### Work task
Exactly as written, output the lines below starting from the first and ending with the line that contains "Start, stop, pause."; omit pictures.

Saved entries
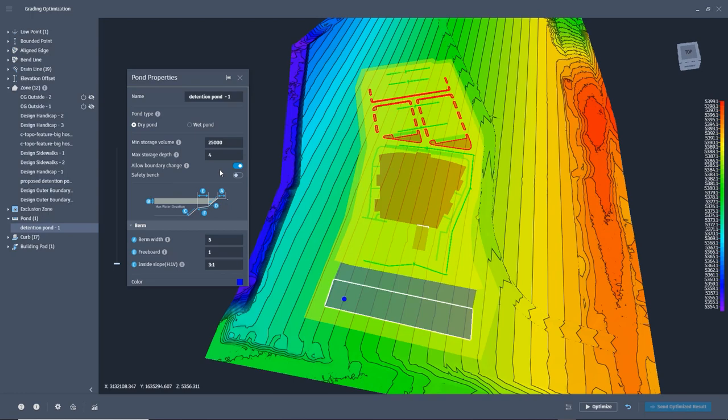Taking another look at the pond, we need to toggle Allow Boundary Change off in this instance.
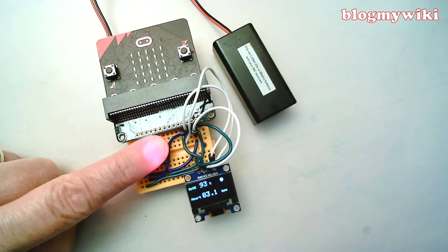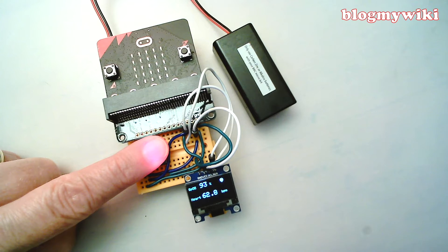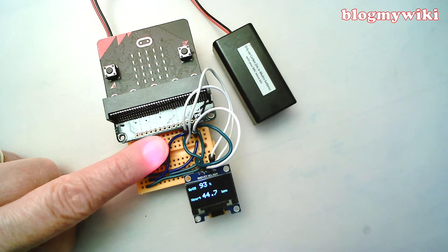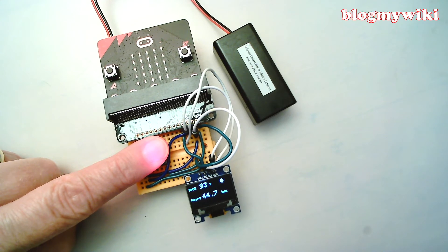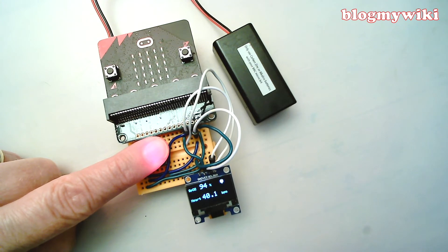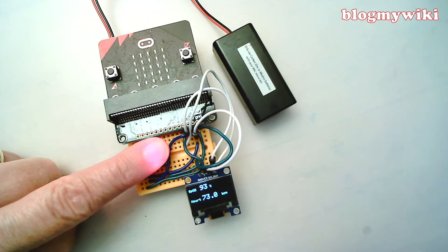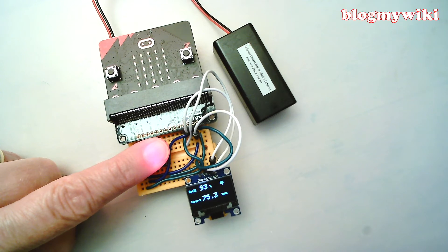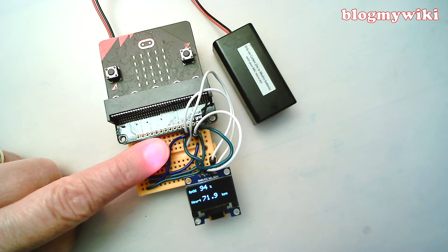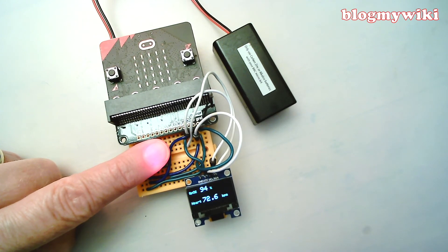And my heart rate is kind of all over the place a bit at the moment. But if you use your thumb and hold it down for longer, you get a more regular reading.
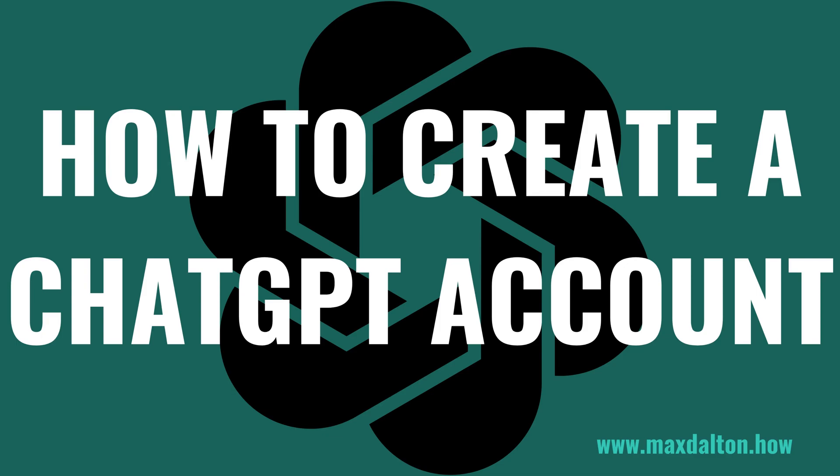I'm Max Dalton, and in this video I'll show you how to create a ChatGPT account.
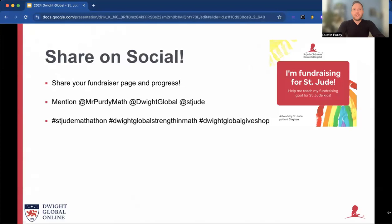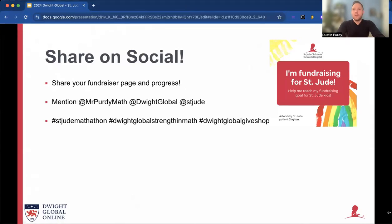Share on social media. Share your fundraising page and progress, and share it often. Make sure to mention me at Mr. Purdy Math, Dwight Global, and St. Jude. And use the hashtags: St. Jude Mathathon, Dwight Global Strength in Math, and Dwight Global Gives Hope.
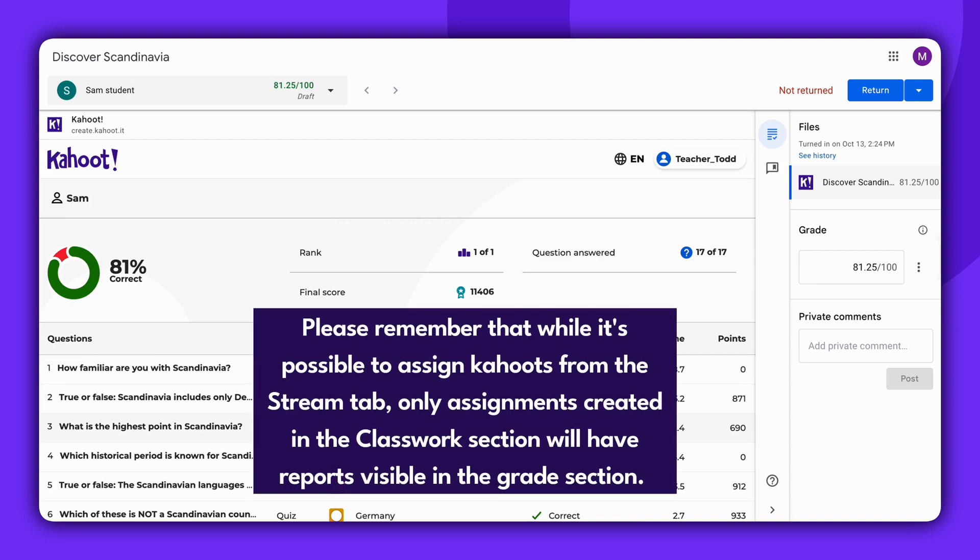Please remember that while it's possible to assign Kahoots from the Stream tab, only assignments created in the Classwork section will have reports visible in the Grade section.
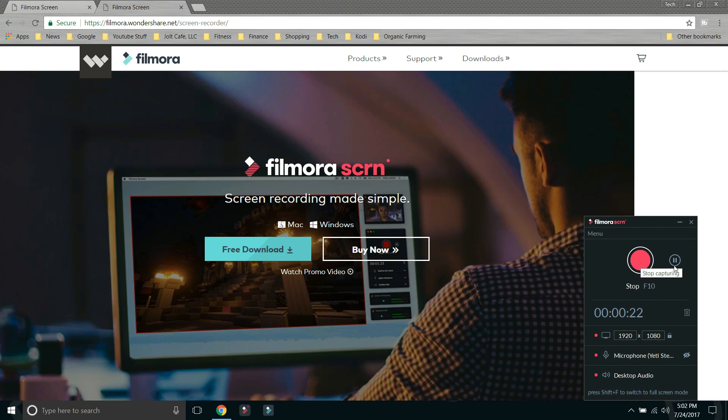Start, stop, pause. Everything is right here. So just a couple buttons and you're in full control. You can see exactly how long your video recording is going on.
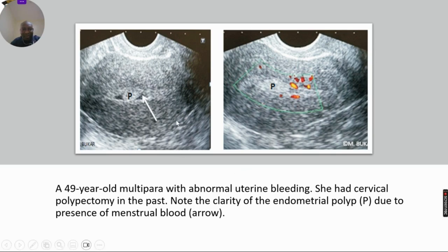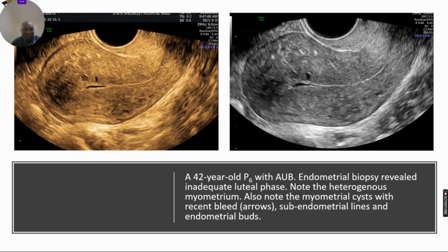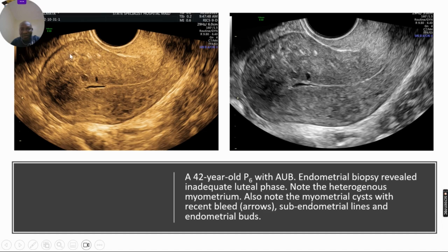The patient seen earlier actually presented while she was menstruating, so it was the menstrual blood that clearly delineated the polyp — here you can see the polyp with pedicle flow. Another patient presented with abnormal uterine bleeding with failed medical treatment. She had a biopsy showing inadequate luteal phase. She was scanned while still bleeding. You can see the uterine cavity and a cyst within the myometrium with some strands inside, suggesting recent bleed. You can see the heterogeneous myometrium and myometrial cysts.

### Output of the task
Taking another look at the pond, we need to toggle Allow Boundary Change off in this instance.
And my heart rate is kind of all over the place a bit at the moment. But if you use your thumb and hold it down for longer, you get a more regular reading.
I'm Max Dalton, and in this video I'll show you how to create a ChatGPT account.
Share on social media. Share your fundraising page and progress, and share it often. Make sure to mention me at Mr. Purdy Math, Dwight Global, and St. Jude. And use the hashtags: St. Jude Mathathon, Dwight Global Strength in Math, and Dwight Global Gives Hope.
Please remember that while it's possible to assign Kahoots from the Stream tab, only assignments created in the Classwork section will have reports visible in the Grade section.
Start, stop, pause. Everything is right here. So just a couple buttons and you're in full control. You can see exactly how long your video recording is going on.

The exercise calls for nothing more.